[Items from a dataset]
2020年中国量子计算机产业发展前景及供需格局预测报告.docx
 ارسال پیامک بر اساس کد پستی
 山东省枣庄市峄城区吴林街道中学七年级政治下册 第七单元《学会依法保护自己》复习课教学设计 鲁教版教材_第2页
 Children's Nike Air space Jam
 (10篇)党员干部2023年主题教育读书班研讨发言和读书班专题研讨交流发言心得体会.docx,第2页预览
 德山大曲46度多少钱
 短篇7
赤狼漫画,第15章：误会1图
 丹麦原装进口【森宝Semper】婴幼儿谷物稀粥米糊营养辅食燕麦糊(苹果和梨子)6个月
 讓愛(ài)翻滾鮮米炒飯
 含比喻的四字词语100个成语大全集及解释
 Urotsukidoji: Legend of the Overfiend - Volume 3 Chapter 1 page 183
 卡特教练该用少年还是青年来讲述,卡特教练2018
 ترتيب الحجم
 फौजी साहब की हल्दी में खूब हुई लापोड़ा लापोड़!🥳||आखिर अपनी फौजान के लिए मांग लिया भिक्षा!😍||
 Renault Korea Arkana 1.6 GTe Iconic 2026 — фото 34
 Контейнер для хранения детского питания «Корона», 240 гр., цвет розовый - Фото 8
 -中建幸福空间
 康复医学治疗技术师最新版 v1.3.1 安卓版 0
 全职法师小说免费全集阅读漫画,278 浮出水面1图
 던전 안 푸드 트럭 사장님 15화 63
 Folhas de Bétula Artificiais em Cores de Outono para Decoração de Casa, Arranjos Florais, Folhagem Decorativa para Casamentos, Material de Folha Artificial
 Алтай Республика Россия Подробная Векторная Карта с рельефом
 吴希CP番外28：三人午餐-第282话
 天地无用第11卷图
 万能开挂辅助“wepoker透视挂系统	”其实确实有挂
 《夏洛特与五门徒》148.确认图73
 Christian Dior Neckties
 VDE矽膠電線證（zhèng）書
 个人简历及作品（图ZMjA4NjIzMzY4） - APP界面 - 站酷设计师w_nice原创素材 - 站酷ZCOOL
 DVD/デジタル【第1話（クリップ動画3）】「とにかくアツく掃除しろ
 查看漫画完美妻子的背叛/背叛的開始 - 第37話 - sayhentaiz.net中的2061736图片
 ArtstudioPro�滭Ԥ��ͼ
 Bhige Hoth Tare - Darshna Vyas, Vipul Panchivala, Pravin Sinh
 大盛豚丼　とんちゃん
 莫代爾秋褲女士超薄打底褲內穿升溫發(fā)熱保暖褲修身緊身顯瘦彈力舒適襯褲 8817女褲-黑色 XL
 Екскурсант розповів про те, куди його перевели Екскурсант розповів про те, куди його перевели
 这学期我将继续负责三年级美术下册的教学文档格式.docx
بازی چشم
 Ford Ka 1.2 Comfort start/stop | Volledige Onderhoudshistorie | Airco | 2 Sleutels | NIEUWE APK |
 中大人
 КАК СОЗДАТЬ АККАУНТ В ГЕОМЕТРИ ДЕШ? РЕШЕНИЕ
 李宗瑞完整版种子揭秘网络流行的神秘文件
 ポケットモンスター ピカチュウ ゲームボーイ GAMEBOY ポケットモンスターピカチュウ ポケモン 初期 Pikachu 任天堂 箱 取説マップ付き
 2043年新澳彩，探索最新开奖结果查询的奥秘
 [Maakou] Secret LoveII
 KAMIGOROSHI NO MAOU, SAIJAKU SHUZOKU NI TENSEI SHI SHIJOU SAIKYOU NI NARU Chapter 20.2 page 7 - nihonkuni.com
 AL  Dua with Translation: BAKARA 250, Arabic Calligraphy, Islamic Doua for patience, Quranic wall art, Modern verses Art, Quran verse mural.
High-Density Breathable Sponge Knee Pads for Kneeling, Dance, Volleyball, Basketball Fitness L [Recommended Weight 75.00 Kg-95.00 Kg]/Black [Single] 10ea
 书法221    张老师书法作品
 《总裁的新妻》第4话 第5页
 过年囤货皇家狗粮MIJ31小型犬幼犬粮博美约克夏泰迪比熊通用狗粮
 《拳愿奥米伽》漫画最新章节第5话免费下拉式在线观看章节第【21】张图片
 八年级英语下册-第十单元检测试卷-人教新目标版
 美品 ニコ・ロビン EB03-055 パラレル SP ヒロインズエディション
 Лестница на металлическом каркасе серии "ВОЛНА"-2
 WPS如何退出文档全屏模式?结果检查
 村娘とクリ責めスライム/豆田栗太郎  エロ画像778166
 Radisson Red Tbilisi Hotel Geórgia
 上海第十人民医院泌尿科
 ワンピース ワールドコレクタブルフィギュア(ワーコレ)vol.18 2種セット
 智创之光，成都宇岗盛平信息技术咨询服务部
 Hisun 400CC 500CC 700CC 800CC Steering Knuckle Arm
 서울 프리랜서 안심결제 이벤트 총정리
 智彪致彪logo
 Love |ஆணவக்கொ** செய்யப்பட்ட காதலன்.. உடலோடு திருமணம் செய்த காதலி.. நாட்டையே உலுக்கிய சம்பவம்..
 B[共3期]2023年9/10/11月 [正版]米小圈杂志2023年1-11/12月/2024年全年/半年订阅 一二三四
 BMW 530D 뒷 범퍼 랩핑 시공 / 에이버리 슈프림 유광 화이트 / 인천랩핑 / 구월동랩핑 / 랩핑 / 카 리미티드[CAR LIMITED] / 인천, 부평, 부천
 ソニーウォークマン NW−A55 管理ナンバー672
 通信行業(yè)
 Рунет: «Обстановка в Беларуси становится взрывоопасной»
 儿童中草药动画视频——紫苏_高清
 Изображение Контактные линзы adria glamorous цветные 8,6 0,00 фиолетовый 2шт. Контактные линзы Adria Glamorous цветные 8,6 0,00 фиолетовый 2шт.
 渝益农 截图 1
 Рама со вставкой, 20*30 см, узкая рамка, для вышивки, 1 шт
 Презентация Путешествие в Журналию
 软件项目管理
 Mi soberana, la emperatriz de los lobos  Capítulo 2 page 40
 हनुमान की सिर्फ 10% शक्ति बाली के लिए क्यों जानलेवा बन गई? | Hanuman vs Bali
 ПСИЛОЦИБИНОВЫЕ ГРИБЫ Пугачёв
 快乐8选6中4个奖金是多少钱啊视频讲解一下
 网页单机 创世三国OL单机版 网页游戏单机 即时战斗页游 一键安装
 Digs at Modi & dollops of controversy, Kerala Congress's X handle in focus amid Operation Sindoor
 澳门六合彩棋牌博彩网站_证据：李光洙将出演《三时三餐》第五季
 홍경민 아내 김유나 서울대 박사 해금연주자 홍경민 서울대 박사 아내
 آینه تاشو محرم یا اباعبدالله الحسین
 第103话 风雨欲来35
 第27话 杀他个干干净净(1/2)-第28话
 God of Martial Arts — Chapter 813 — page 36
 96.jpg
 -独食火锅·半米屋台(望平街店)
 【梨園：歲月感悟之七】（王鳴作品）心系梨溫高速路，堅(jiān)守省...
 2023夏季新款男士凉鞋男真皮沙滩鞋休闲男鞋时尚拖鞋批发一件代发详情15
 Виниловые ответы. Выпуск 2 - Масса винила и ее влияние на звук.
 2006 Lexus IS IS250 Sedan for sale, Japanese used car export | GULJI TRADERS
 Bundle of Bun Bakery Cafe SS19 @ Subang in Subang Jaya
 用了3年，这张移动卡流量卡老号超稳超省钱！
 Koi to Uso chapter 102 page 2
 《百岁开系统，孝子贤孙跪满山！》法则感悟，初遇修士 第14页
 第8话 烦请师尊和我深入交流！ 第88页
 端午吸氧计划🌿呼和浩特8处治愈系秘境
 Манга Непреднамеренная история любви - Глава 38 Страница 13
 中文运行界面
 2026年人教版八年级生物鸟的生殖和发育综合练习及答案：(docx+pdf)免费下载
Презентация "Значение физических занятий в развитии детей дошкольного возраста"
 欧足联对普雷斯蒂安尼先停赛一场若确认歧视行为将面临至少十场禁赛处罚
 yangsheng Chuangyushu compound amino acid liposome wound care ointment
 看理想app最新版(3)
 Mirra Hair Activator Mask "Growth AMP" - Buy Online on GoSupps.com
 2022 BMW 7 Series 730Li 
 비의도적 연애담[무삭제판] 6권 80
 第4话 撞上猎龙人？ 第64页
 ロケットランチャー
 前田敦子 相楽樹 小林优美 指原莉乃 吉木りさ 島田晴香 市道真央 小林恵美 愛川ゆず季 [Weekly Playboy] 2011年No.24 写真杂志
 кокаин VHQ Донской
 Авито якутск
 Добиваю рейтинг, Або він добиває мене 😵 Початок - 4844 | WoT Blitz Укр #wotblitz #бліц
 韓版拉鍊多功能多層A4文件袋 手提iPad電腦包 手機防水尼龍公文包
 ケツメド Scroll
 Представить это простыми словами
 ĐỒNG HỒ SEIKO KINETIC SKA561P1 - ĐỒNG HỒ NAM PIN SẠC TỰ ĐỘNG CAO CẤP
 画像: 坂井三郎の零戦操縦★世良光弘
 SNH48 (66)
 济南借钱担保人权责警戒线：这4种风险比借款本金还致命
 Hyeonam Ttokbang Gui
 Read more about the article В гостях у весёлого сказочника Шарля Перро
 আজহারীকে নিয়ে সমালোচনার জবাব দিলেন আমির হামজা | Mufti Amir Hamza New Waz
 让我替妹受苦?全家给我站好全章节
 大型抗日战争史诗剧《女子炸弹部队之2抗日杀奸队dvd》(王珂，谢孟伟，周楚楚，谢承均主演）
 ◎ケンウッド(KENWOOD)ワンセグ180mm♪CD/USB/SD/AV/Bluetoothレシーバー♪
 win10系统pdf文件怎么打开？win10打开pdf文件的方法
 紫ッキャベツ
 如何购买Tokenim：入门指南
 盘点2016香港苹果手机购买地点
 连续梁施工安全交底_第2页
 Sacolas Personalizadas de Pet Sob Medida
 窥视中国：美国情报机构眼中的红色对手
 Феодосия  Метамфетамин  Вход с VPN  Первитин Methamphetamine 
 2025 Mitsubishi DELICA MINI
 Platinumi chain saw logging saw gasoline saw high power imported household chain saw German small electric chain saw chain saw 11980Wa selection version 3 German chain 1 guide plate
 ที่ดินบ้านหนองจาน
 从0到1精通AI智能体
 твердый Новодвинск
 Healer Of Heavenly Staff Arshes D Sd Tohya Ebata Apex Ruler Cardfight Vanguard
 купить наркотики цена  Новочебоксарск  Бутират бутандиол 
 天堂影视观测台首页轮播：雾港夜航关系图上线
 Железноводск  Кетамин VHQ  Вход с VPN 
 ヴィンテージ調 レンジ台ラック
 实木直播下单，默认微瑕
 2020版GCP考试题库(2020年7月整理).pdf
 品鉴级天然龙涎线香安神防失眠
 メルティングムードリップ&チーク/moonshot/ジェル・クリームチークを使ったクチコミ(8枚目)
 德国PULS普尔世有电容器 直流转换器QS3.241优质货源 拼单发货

Try it: Set down, exactly as they appear above, all lines from the one that has "Рама со вставкой, 20*30" down to the one that has "Koi to Uso chapter 102 page 2", including those two and no others.

Worked solution:
 Рама со вставкой, 20*30 см, узкая рамка, для вышивки, 1 шт
 Презентация Путешествие в Журналию
 软件项目管理
 Mi soberana, la emperatriz de los lobos  Capítulo 2 page 40
 हनुमान की सिर्फ 10% शक्ति बाली के लिए क्यों जानलेवा बन गई? | Hanuman vs Bali
 ПСИЛОЦИБИНОВЫЕ ГРИБЫ Пугачёв
 快乐8选6中4个奖金是多少钱啊视频讲解一下
 网页单机 创世三国OL单机版 网页游戏单机 即时战斗页游 一键安装
 Digs at Modi & dollops of controversy, Kerala Congress's X handle in focus amid Operation Sindoor
 澳门六合彩棋牌博彩网站_证据：李光洙将出演《三时三餐》第五季
 홍경민 아내 김유나 서울대 박사 해금연주자 홍경민 서울대 박사 아내
 آینه تاشو محرم یا اباعبدالله الحسین
 第103话 风雨欲来35
 第27话 杀他个干干净净(1/2)-第28话
 God of Martial Arts — Chapter 813 — page 36
 96.jpg
 -独食火锅·半米屋台(望平街店)
 【梨園：歲月感悟之七】（王鳴作品）心系梨溫高速路，堅(jiān)守省...
 2023夏季新款男士凉鞋男真皮沙滩鞋休闲男鞋时尚拖鞋批发一件代发详情15
 Виниловые ответы. Выпуск 2 - Масса винила и ее влияние на звук.
 2006 Lexus IS IS250 Sedan for sale, Japanese used car export | GULJI TRADERS
 Bundle of Bun Bakery Cafe SS19 @ Subang in Subang Jaya
 用了3年，这张移动卡流量卡老号超稳超省钱！
 Koi to Uso chapter 102 page 2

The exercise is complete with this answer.